## ABOUT THIS TASK
Write out the complete data exactly as written.

MATERIAL FOR THIS EXERCISE START

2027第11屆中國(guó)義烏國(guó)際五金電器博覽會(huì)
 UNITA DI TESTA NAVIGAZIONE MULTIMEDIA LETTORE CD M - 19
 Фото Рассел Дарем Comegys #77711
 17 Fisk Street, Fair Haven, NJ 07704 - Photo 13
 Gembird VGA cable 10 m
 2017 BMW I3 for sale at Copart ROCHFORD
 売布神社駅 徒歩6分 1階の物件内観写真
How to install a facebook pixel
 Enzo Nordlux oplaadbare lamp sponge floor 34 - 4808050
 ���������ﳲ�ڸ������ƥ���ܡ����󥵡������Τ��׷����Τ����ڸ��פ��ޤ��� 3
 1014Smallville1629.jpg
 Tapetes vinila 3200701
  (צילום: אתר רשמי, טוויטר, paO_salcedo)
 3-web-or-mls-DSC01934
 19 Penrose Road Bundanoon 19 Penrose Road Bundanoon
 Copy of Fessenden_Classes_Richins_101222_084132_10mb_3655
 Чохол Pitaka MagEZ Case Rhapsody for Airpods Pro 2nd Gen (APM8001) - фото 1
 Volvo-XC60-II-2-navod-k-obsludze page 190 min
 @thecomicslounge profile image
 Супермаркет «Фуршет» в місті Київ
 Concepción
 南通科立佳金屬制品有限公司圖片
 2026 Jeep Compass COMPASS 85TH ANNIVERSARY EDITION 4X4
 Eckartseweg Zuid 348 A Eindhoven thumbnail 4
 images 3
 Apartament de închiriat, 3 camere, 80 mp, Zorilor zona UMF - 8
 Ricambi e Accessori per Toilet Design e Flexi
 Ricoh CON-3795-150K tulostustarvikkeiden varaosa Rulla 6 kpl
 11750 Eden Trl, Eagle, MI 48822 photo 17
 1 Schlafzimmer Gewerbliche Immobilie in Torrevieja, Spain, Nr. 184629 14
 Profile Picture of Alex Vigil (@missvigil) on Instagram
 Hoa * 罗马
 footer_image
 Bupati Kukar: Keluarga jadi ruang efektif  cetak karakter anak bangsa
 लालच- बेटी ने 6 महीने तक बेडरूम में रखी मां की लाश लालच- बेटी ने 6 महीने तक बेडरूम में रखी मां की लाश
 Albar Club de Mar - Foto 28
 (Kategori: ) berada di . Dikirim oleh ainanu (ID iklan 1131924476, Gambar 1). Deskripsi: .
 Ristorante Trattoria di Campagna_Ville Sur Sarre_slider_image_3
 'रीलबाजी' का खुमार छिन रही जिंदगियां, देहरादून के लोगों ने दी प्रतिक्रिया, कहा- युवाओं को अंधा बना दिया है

MATERIAL FOR THIS EXERCISE END

## RESPONSE
2027第11屆中國(guó)義烏國(guó)際五金電器博覽會(huì)
 UNITA DI TESTA NAVIGAZIONE MULTIMEDIA LETTORE CD M - 19
 Фото Рассел Дарем Comegys #77711
 17 Fisk Street, Fair Haven, NJ 07704 - Photo 13
 Gembird VGA cable 10 m
 2017 BMW I3 for sale at Copart ROCHFORD
 売布神社駅 徒歩6分 1階の物件内観写真
How to install a facebook pixel
 Enzo Nordlux oplaadbare lamp sponge floor 34 - 4808050
 ���������ﳲ�ڸ������ƥ���ܡ����󥵡������Τ��׷����Τ����ڸ��פ��ޤ��� 3
 1014Smallville1629.jpg
 Tapetes vinila 3200701
  (צילום: אתר רשמי, טוויטר, paO_salcedo)
 3-web-or-mls-DSC01934
 19 Penrose Road Bundanoon 19 Penrose Road Bundanoon
 Copy of Fessenden_Classes_Richins_101222_084132_10mb_3655
 Чохол Pitaka MagEZ Case Rhapsody for Airpods Pro 2nd Gen (APM8001) - фото 1
 Volvo-XC60-II-2-navod-k-obsludze page 190 min
 @thecomicslounge profile image
 Супермаркет «Фуршет» в місті Київ
 Concepción
 南通科立佳金屬制品有限公司圖片
 2026 Jeep Compass COMPASS 85TH ANNIVERSARY EDITION 4X4
 Eckartseweg Zuid 348 A Eindhoven thumbnail 4
 images 3
 Apartament de închiriat, 3 camere, 80 mp, Zorilor zona UMF - 8
 Ricambi e Accessori per Toilet Design e Flexi
 Ricoh CON-3795-150K tulostustarvikkeiden varaosa Rulla 6 kpl
 11750 Eden Trl, Eagle, MI 48822 photo 17
 1 Schlafzimmer Gewerbliche Immobilie in Torrevieja, Spain, Nr. 184629 14
 Profile Picture of Alex Vigil (@missvigil) on Instagram
 Hoa * 罗马
 footer_image
 Bupati Kukar: Keluarga jadi ruang efektif  cetak karakter anak bangsa
 लालच- बेटी ने 6 महीने तक बेडरूम में रखी मां की लाश लालच- बेटी ने 6 महीने तक बेडरूम में रखी मां की लाश
 Albar Club de Mar - Foto 28
 (Kategori: ) berada di . Dikirim oleh ainanu (ID iklan 1131924476, Gambar 1). Deskripsi: .
 Ristorante Trattoria di Campagna_Ville Sur Sarre_slider_image_3
 'रीलबाजी' का खुमार छिन रही जिंदगियां, देहरादून के लोगों ने दी प्रतिक्रिया, कहा- युवाओं को अंधा बना दिया है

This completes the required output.